The Holy Father invoked the memory of the saintly former archbishop of Milan today while calling for priests to renew their faith.
Borromeo is of special significance to those of us who care deeply about Vatican II as well. What did a Council Father at Trent have to do with Vatican II?
It turns out that Pope John XXIII, who convoked Vatican II, was a church historian and he had edited the "acta" of Borromeo's apostolic vistations after the Council of Trent. The archbishop went from church to church throughout his sprawling archdiocese to ensure that the reforms enacted at Trent were being implemented. When John XXIII opened Vatican II, he knew exactly what reform was all about from studying Borromeo's work.

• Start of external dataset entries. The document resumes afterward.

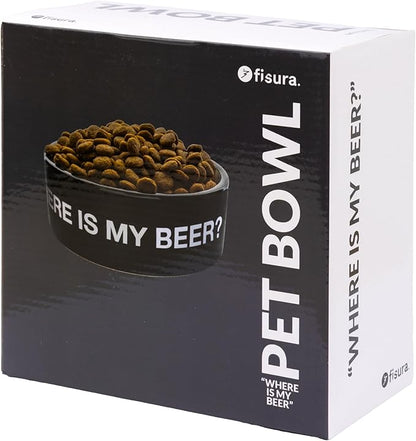 Fisura Ceramic Dog Bowl – Original Black Pet Dish Where is My Beer? – 25 oz Capacity for Small, Medium & Large Dogs – Food & Water Bowl, 6.3 x 6.3 x 2.4 in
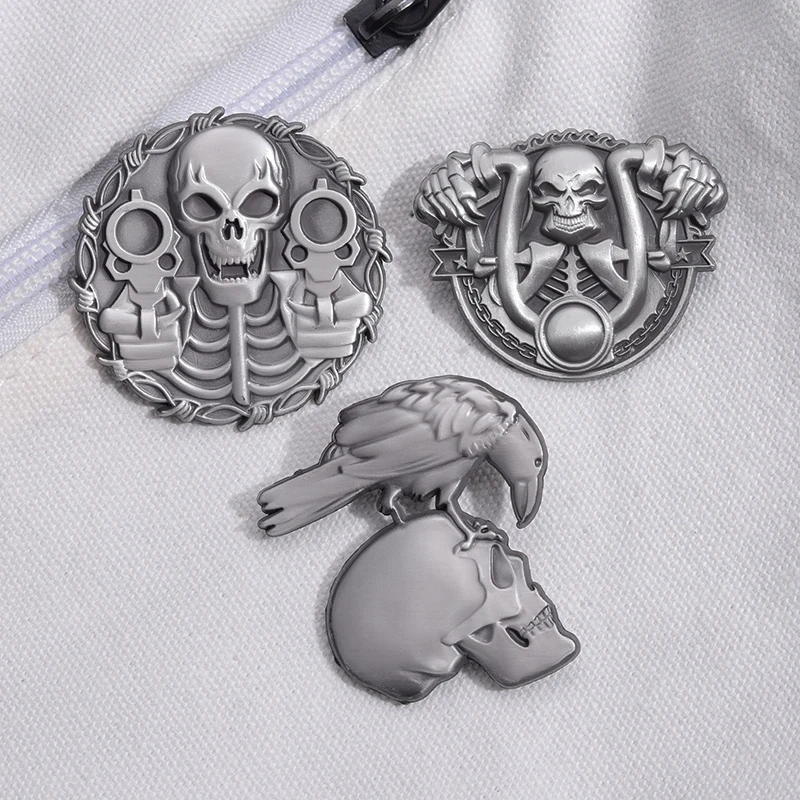 

Skeleton Skull Silver Color Enamel Pin Brooch Punk Halloween Metal Badge Gift Clothing Lapel Backpack Wholesale Accessories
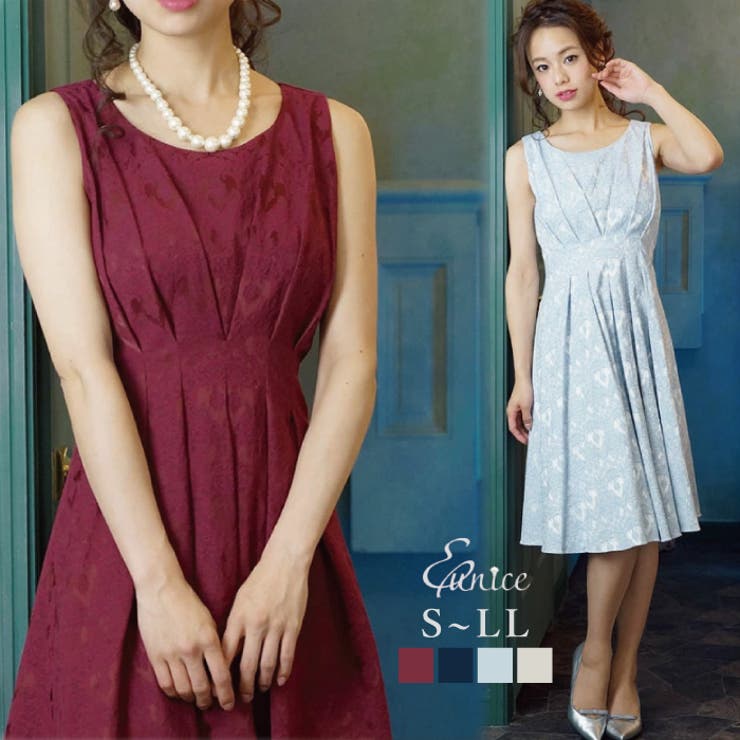 パーティードレス ミディアム丈 4色 結婚式 ワンピース ドレス ワンピ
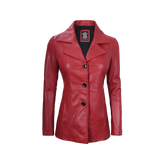 Women's Red Real Leather Blazer Jacket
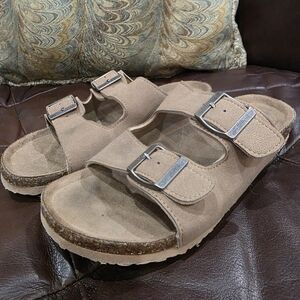 Maurices Tan Sandals with Silver Buckles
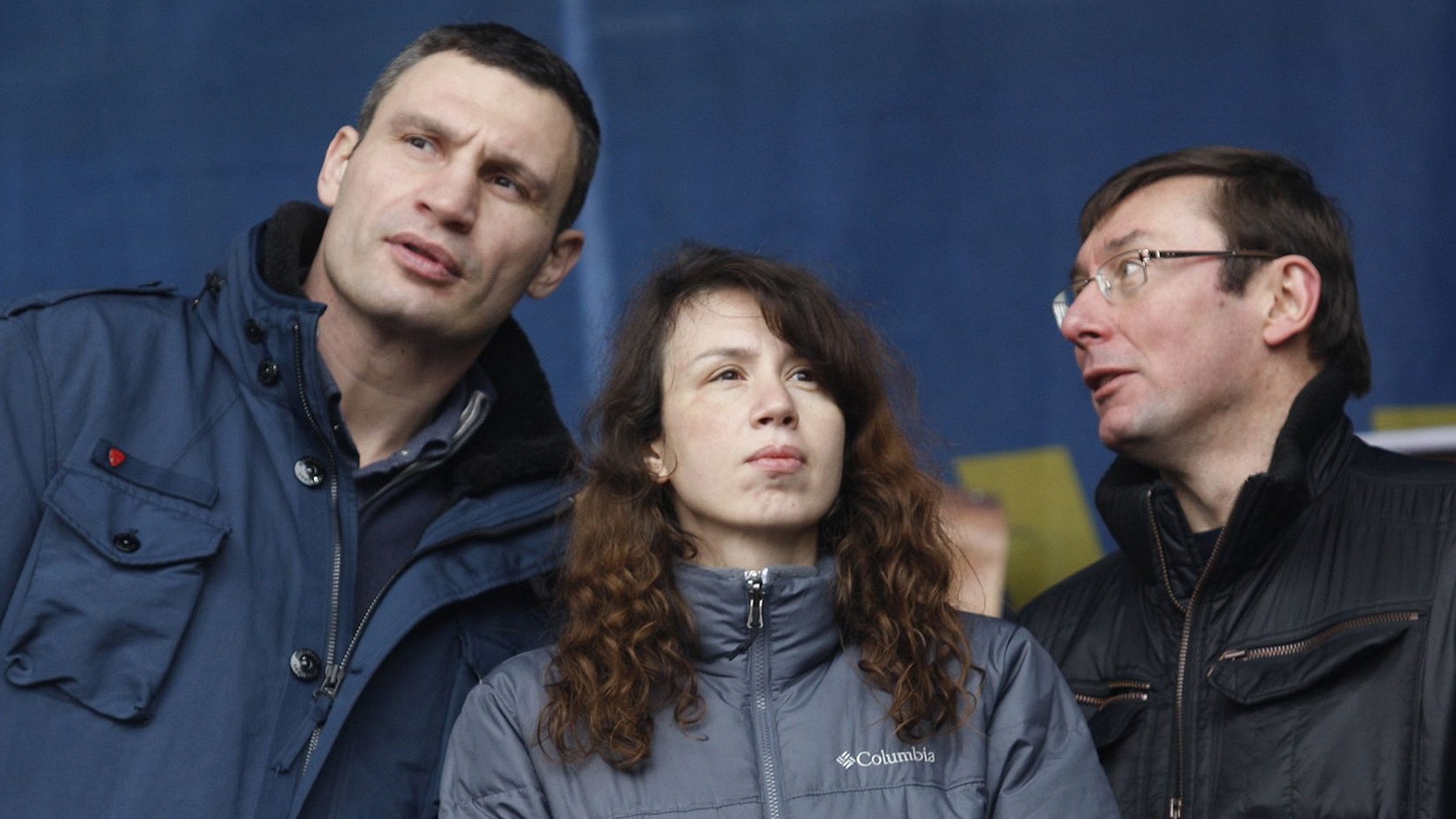 Tschornowol an der Seite von Vitali Klitschko (l.) und dem früheren Innenminister Jurij Luzenko während der Euromaidan-Bewegung im Februar 2014.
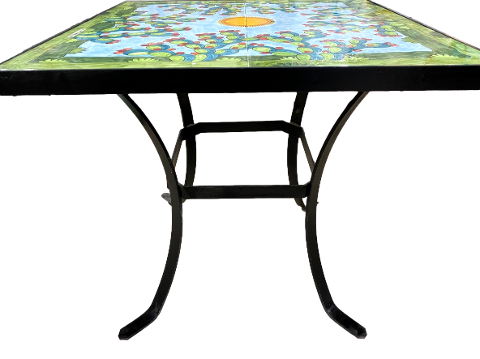 Tavolo quadrato in ferro nero cm.82x82 e/o Sedia Rotonda Pale di fichi d'india Nino Parrucca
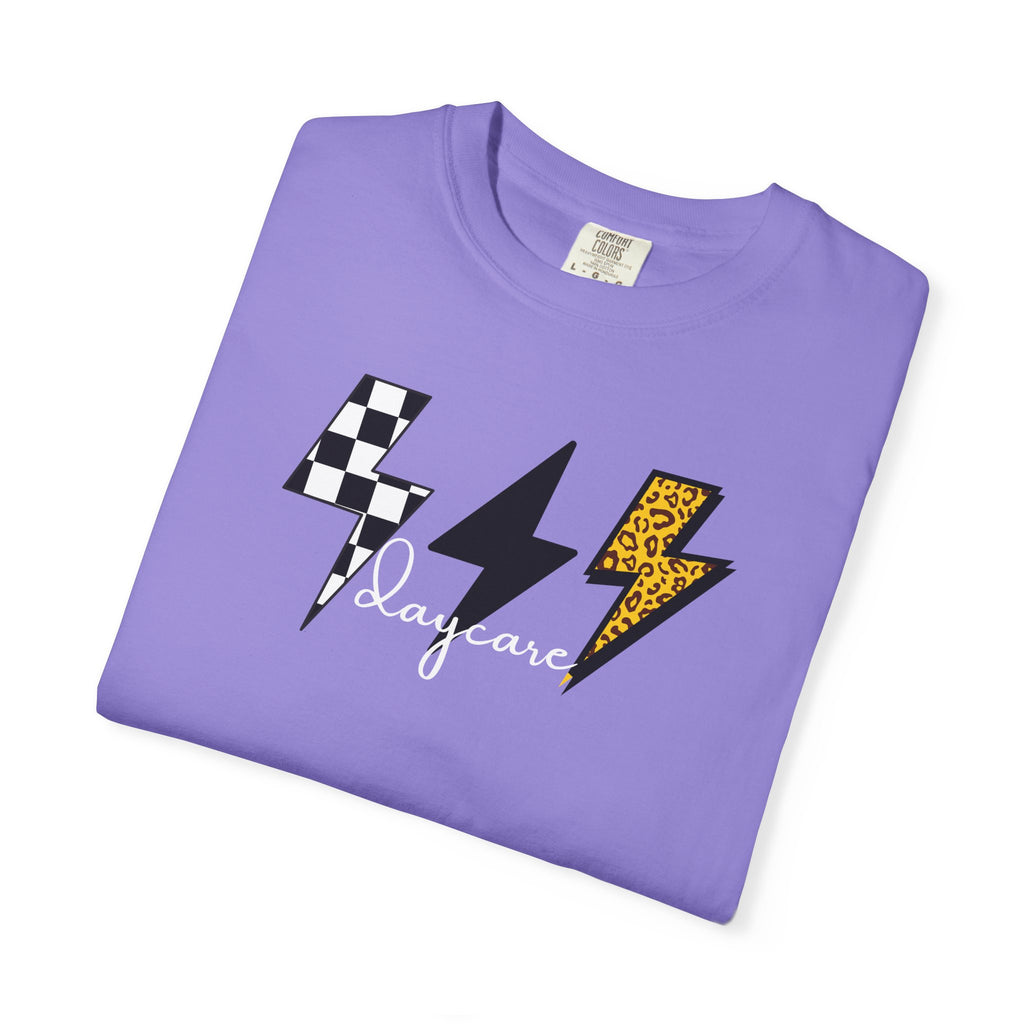 Checkerboard & Leopard Lightning Daycare T-shirt | Gray Garment-Dyed Tee
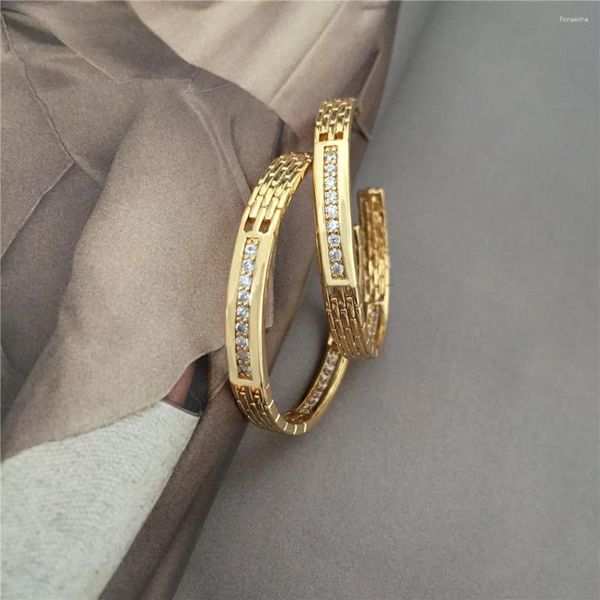 Orecchini a cerchio di alta qualità fusi rotondi grandi gioielli minimalisti in metallo moda color oro regalo per donne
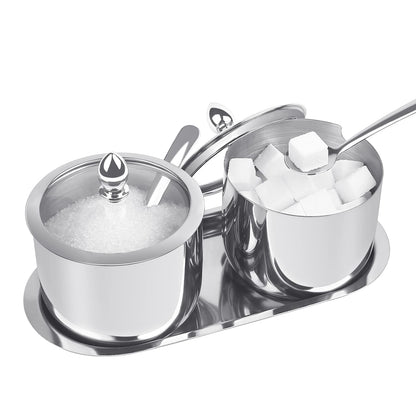 KEMIYIXIAN 2 Stainless Steel Sugar Bowl with Lid Spoon and Tray, Polished Shiny Sugar Bowl，for serving sugar Suitable for home and kitchen- 12 Oz/ 360m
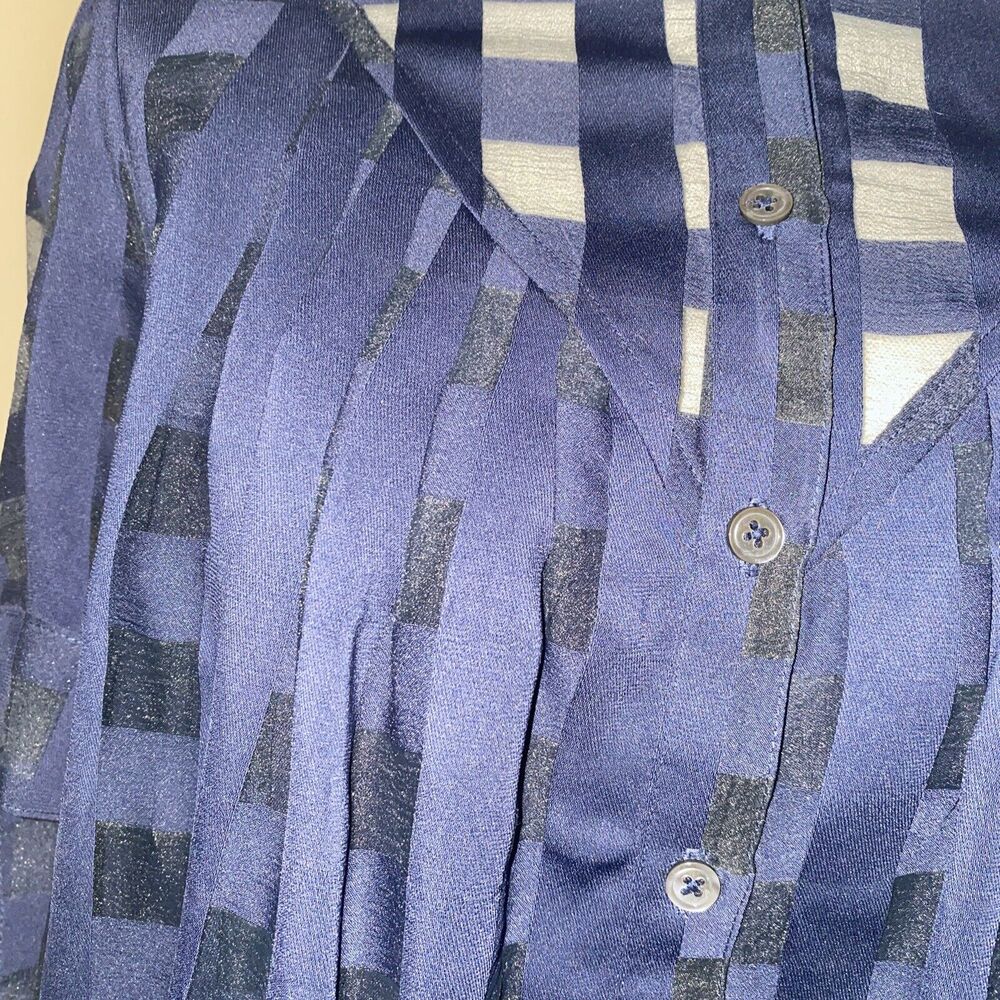 Current Air Anthropologie Blouse SP Short Sleeve Button Up Plaid Sheer Bows - Picture 5 of 16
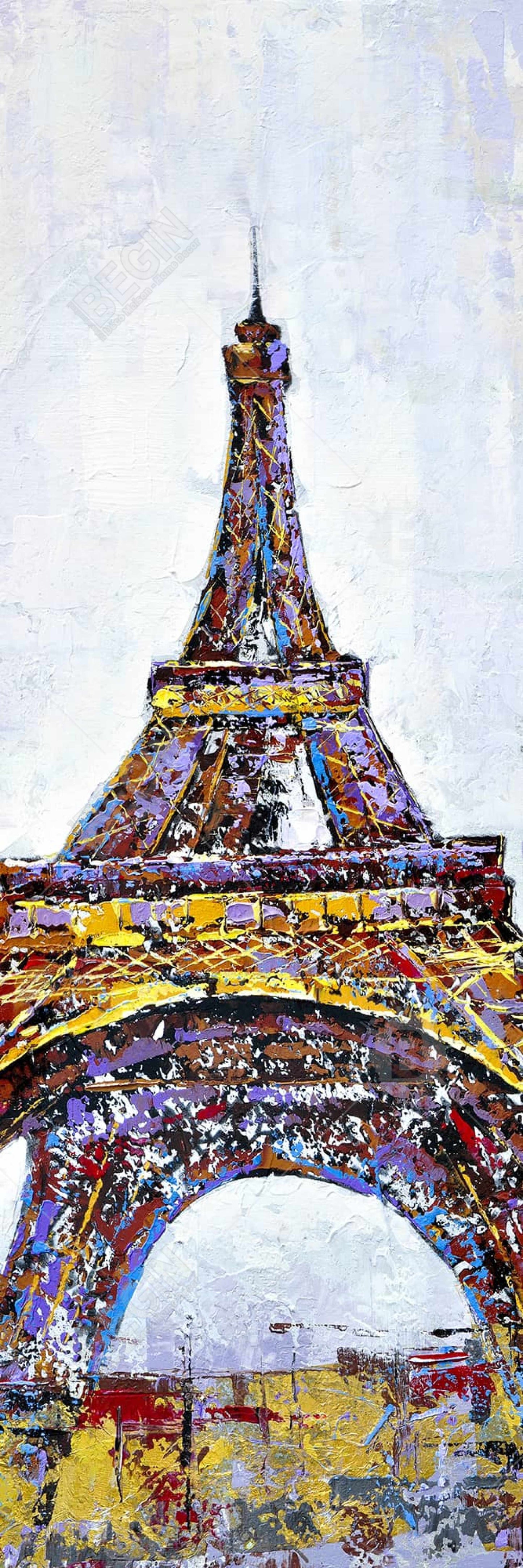 Toile de chambre à coucher avec bâtiment jaune | Peinture abstraite sur la Tour Eiffel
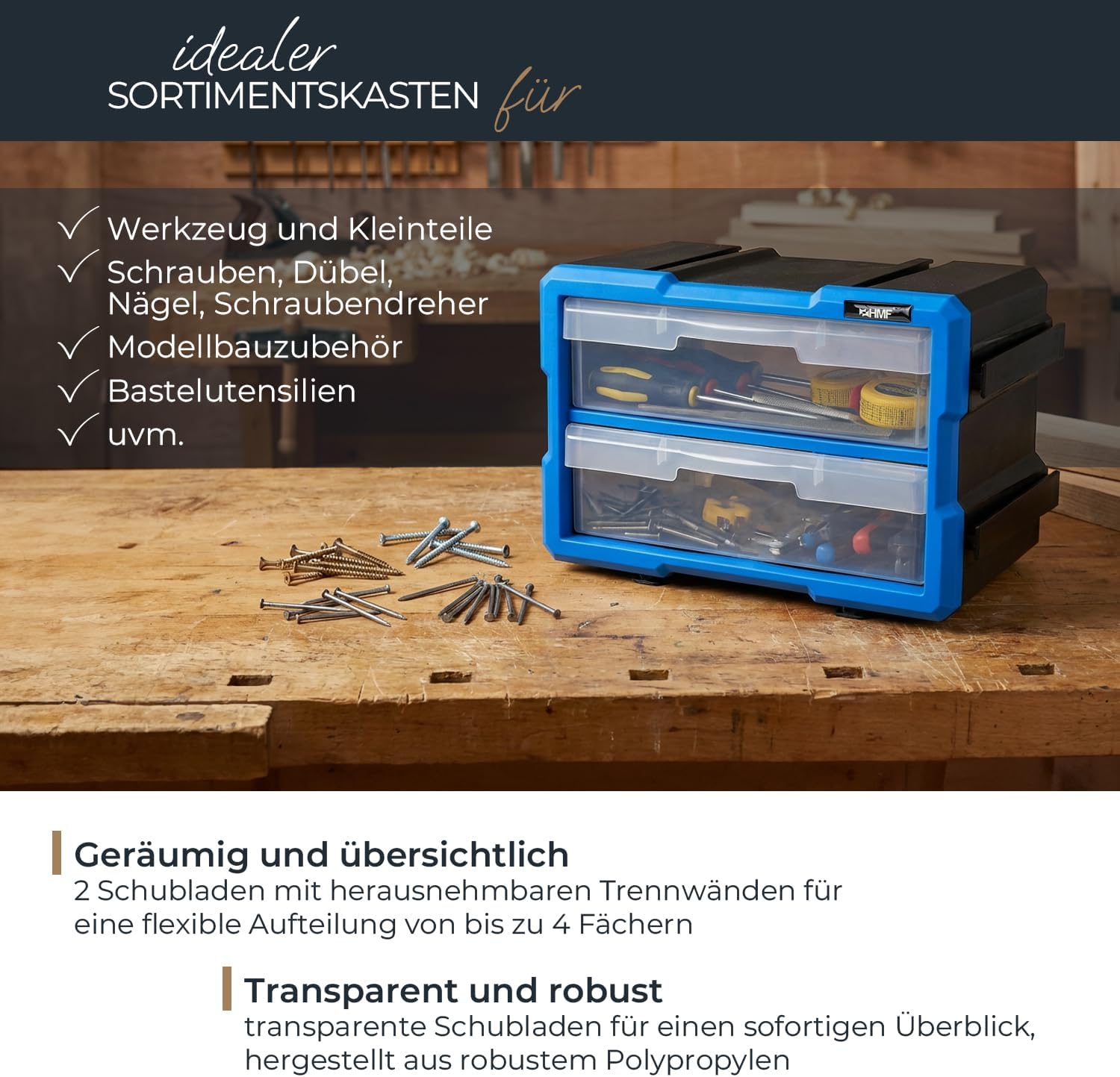 Werkzeugkasten, Schubkasten, Draht, Schrauben, Holzarbeitsplatz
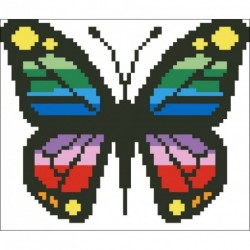 Borduurpakket vlinder multicolor 12x15cm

This is also critical to understanding what Pope Benedict means when he speaks of a "hermeneutic of reform," with elements of both continuity and discontinuity. If there was no need for change, there was no need for a Council. But, we Catholics do not just come up with change ex nihilo. In trying to address the needs of his day, Pope John looked back to the tradition of the Church to chart a way forward. He knew from his study of that tradition that a Council can have a life-giving effect on the Church, that to be truly new, one needed to be authentically traditional, and that to be authentically traditional, one needed to be commited to the on-going work of reform.
So, happy festa San Carlo. The Church still needs your prayers!